Adequate Representation
¶44 The County does not contest the adequate representation prerequisite; we therefore do not address it.
County's Substantive Claims
¶45 Citing Prindel v. Ravalli County, the County contends that to establish a class claim of negligence per se, class members must show that they are within the specific class the Local Government Budget Act was enacted to protect and that the statute was “intended to regulate members of the County Defendants’ class.” Prindel v. Ravalli Cnty., 2006 MT 62, 331 Mont. 338, 133 P.3d 165. This argument, however, calls for analysis of the Plaintiffs’ negligence per se claim on the merits and is unrelated to the question of common injury under Rule 23. Byorth, ¶ 16 (quoting Sangwin, ¶ 15) (“[W]e have cautioned district courts against assessing ‘any aspect of the merits unrelated to a Rule 23 requirement.’ ”). Whether, as the County maintains, Plaintiffs and other class members belong to the specific class of persons the law was intended to protect raises a question of the Defendants’ ultimate liability on the allegations of the Sixth Amended Complaint. For purposes of this appeal, it is enough to conclude—as we have here—that the class claims collectively will stand or fall with the resolution of this issue. The same holds true for the County's governmental immunity defense: it is an issue separate from the question of class certification but will, if successful, apply to all members of the class equally. The County may reassert its merits defenses as the case proceeds.
¶46 3. Did the District Court abuse its discretion in certifying the class under M. R. Civ. P. 23(b)?
¶47 After satisfying the Rule 23(a) prerequisites, a class must meet one of the requirements for certification under Rule 23(b). Cook, ¶ 29. The District Court certified the class under M. R. Civ. P. 23(b)(3), which requires that “questions of law or fact common to the class members predominate over any questions affecting only individual members, and that a class action is superior to other available methods for fairly and efficiently adjudicating the controversy.” A district court's predominance and superiority findings are informed by the class members’ interests in individually controlling the prosecution or defense of separate actions; the extent and nature of any litigation concerning the controversy already begun by or against class members; the desirability or undesirability of concentrating the litigation of the claims in the particular forum; and the likely difficulties in managing a class action.
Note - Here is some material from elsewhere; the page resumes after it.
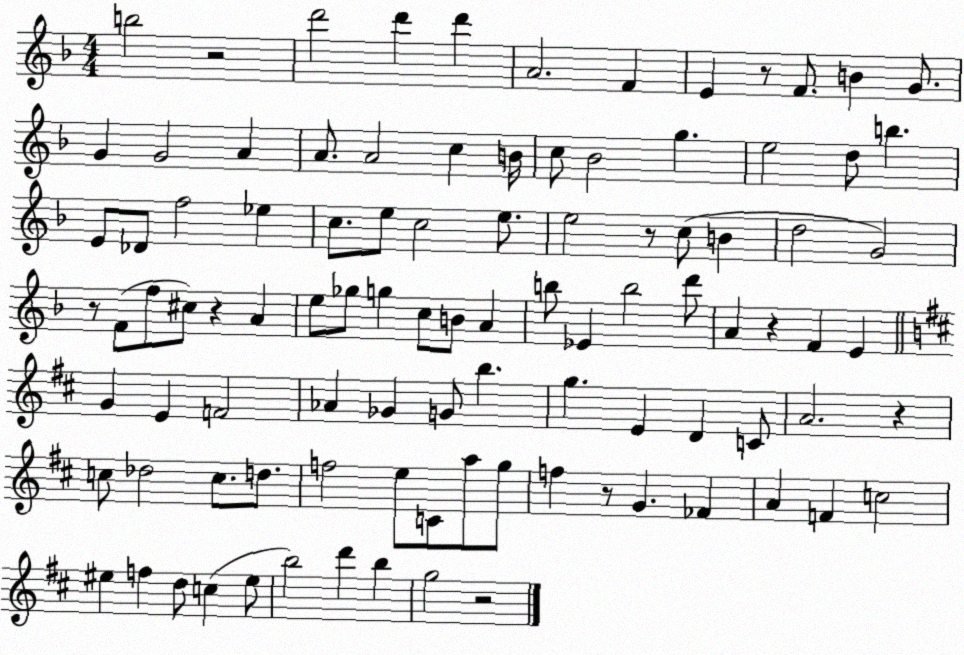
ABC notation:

M. R. Civ. P. 23(b)(3)(A-D). “A fundamental concern of the Rule 23(b)(3) predominance test is whether adjudication of common issues will help achieve judicial economy.” Cook, ¶ 29 (citation omitted).
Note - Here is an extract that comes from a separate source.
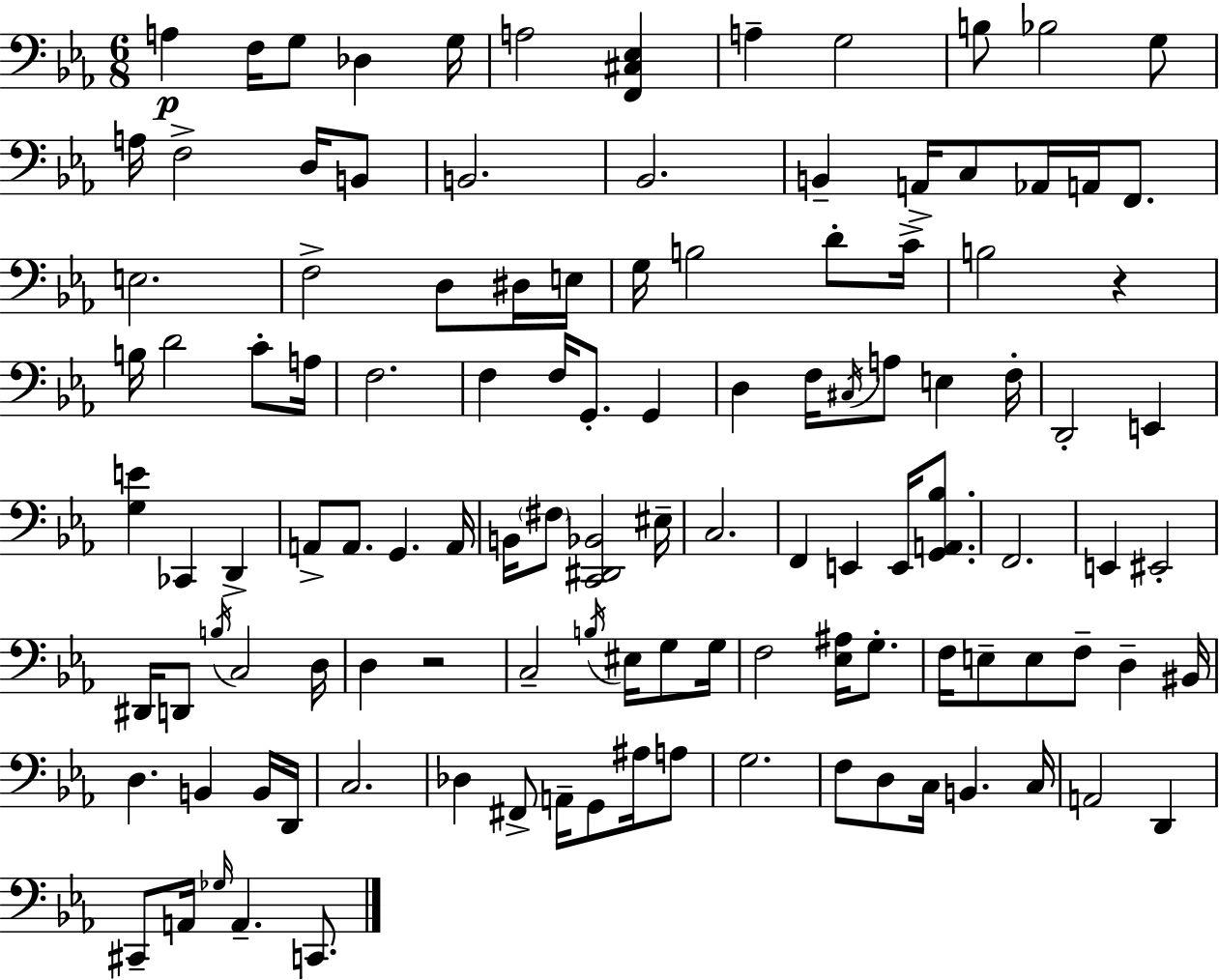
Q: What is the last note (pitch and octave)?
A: C2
¶48 The District Court certified the class after finding that the County did not contest class certification under M. R. Civ. P. 23(b)(3). The County cites Ascencio v. Orion International Corporation, maintaining that it did not concede its Rule 23(b)(3) argument because it was not obligated to address this prong of the class certification test if the Rule 23(a) requirements were not met. See Ascencio v. Orion Int'l Corp., 2018 MT 121, ¶ 15, 391 Mont. 336, 417 P.3d 1094 (quoting Rimrock Chrysler, Inc. v. Mont. Dep't of Justice, Motor Vehicle Div., 2018 MT 24, ¶ 19, 390 Mont. 235, 411 P.3d 1278) (citation omitted) (“[I]f an insufficient showing is made regarding one prong of the test, there is no need to address the other prong.”). The County insists that Plaintiffs do not meet the predominance and superiority requirements because the trial court must do an individualized inquiry for each class member to determine whether the person attempted to access county services. Plaintiffs argue that the County failed to preserve its Rule 23(b) argument because it did not bring the argument before the District Court. The County's confidence that its Rule 23(a) argument would prevail, Plaintiffs maintain, is no justification for failing to contest class certification under Rule 23(b).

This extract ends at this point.